In the room Mickey pulled out a couple of self-heating army rations he’d managed to grab before leaving Ground Zero. They sat on the bed and shoveled the food, a mysterious but edible stew, into their mouths. Their throats hurt when they swallowed, but they were famished. When they were done, Mickey reached into the plastic bag he’d managed to hold onto since early that afternoon. He handed the apprentice a package of clean underpants and socks and a T-shirt, then took one of each for himself. These were the last clean clothes he’d see for a while.
Wednesday was the day tens of thousands of Americans woke up, having never really fallen asleep, possessed of the same powerful urge: to get down to the site of the fallen towers and help. New Yorkers
were not alone in fixating on this idea; sheriffs from Maine and home health-care workers from Nebraska, paramedics from Wisconsin, ballerinas from Georgia—people from all over the country shared the obsession. It was as if that grave prediction made by the French savant about the Eiffel Tower over a hundred years ago—that its iron would spontaneously polarize and suck Paris into it—had come to pass at the World Trade Center. Devastation and grief had transformed the towers’ steel into a giant magnet.
What distinguished the ironworkers from the masses who responded to the disaster in those early days was the skill they possessed. It was as Mickey said:
There was nobody more equipped to do it.
The most important project of those early days—and indeed for months to come—was the careful but speedy removal of structural steel. Cutting steel. Rigging steel. Hoisting steel.

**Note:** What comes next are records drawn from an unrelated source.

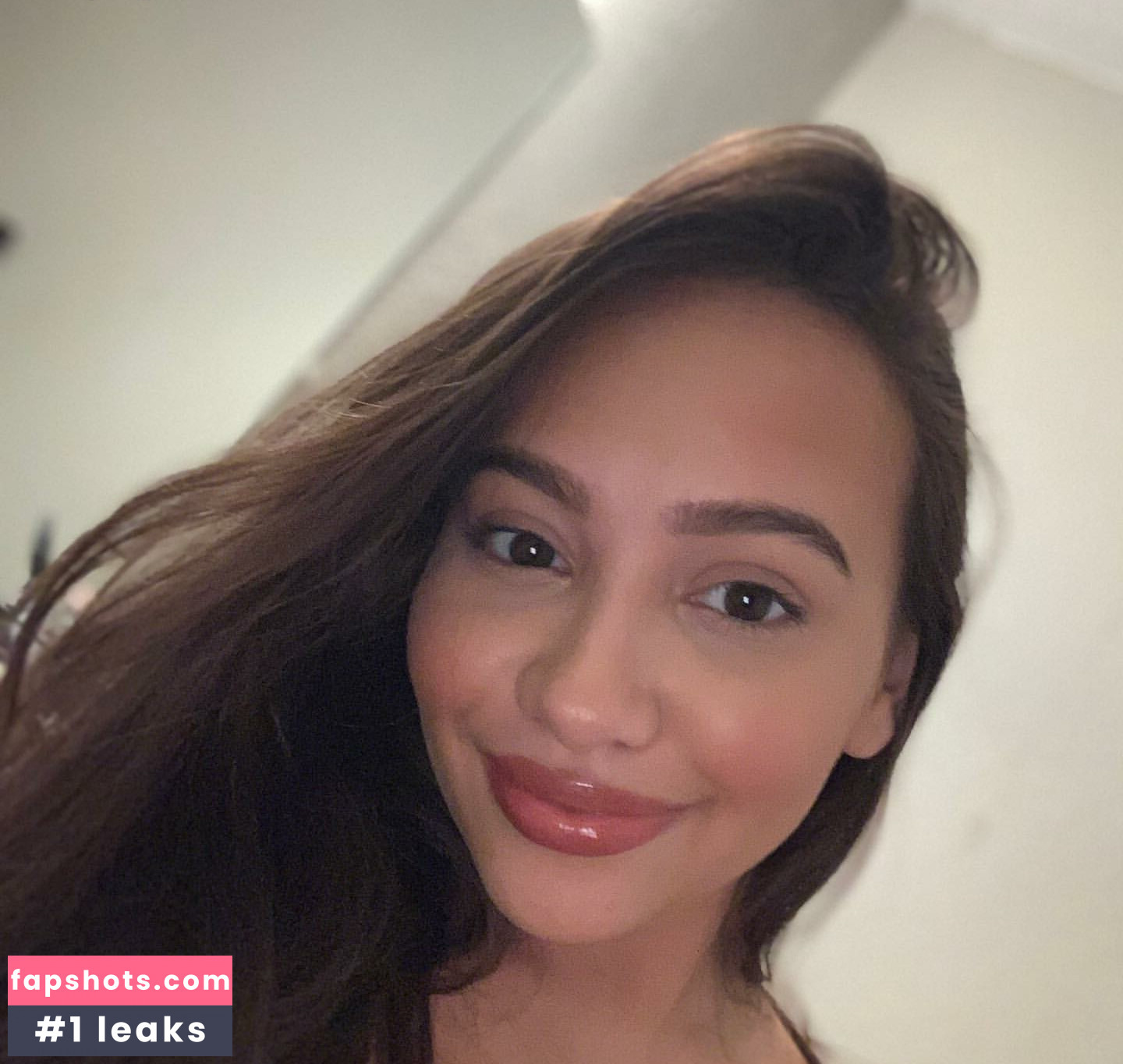 Ellie Johnston Nahé úniky fotek pouze od fanoušků #22 - Fapshots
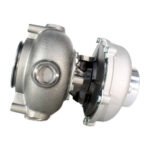 RHC7W-943P18NWBRlI5014CHB turbocharger VD290035 product image 1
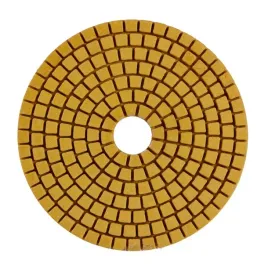 tarcza-diamentowa-100mm-3000gr-baumesser-distar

This is what we do every day.
If their chosen trade placed a moral obligation on them, it also gave them an intimate connection to the fallen buildings. The dead were not their dead, but the buildings had been
their
buildings. ironworkers put them up, raised their 192,000 tons of steel, and loved them even when most of the city found them unlovable. “These were buildings you were proud to look at,” said Matt, the broad-shouldered ex-Marine fellow ironworkers called Rambo. “They were beautiful buildings. Now it’s lying all over the place. You wanna cry ten times a day. And that’s not even the human toll. Just looking at the structural damage you wanna start crying.”